Today, two writers whom I admire have updated their blogs with very similar subjects. As both have resonated with me, I thought I’d share them here.
* What I won’t do to sell more books – Nicola Morgan
I’m at least moderately at ease with how things are for me as a writer, even though I earn far less than I believe I deserve, mainly because I am not selling many books. (In fact, I plan to reveal everything about my modest self-publishing sales quite soon…)
I know there are things I could do which would make me sell more books.
- Stop writing so many different sorts; focus on one genre and write lots within it. (There’d be nothing wrong with that but I happen to want to write lots of different things.)
- Or cut back on being a writer and bust a gut to do more marketing. (Because as far as I know there are only 24 hours in a day and I can’t stay awake for all of them.)
- Be strictly market-focused, deliberately tailoring the books I write to have a far greater mass appeal, even though those are not the books I really want to write. (Nothing wrong with them but they don’t beat my heart.)

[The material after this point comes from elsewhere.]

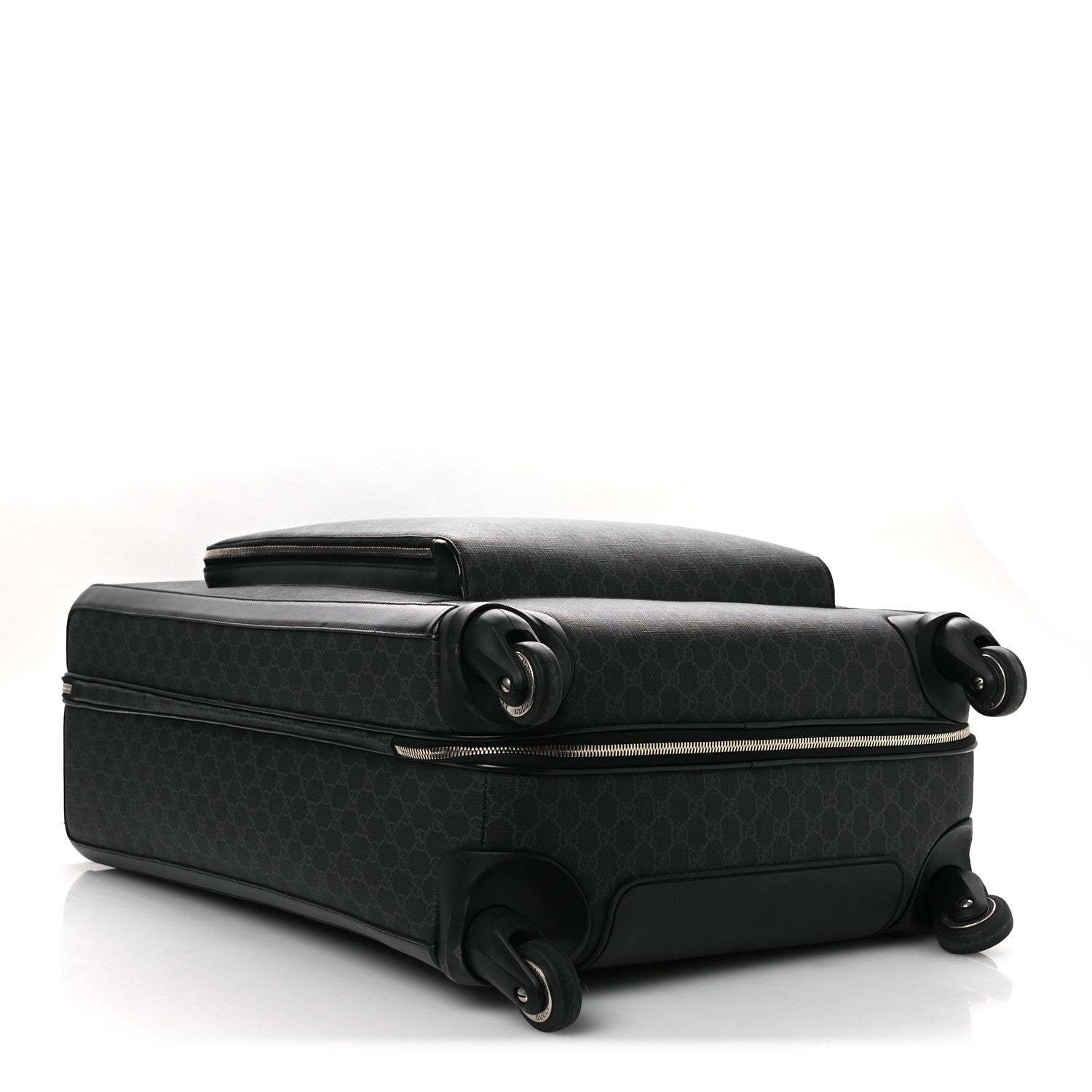 GG Supreme Monogram Large Four Wheel Suitcase Black Grey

- Ask all my friends, family, blog-readers and Twitter followers to write fantastic reviews on Amazon, even if they haven’t read my books. (Ugh.)
- Do many more events, and really push my books at them, instead of my usual pathetic, “I’ve *cough* got some cards here with info about my books, if *cough* *mumble mumble*”. (Sigh.)
- Spatter Twitter with BUY MY BOOK messages instead of spending 99% of my time there talking about other things and making friends. (Ugh.)
- Care much less about what people think of me. (Impossible.)
Nicola goes on to explain why she won’t do any of these things, and from the many comments her article has received, it looks as if she’s not alone. I’m certainly in full agreement with her sentiments. Read the full article here
* Putting the “Social” Back in Social Media – Jody Hedlund
Lately, I’ve observed a disturbing trend among the writing community on social media sites—the lack of interaction. Hordes of writers are populating Twitter and Facebook. But over the past year, there’s been a steady decline in person-to-person socializing among all those writers.
Instead of having real-time communication, nowadays social media—particularly Twitter—has become one big infomercial.
As I watched the live stream of tweets one morning, almost every tweet was a plug for something. Here are just a few of the tweets I saw in about one minute of looking:
“I’d love more ‘likes’ on my FB Author Page. Help me out, but only if you want to [insert link].”
“Some of the best fantasy in the world comes from right here [insert blog]. Stop by and follow to keep up with the best.”
“Don’t forget your favorite vampire antho is now in the #kindle store! [insert link]”
For every one tweet from someone attempting to have a real conversation, there were about 10 tweets from people promoting books, blogs, businesses, or some other social media site.
The twitter stream that morning was mostly SPAM. And watching it disheartened me.
Jody suggests a number of reasons for the decline of socialising on social media sites; her observations, and the comments that contribute to the discussion, are very interesting and informative. Aware of my own recent decline in social networking, this article has given me a lot to think about! Read the full article here.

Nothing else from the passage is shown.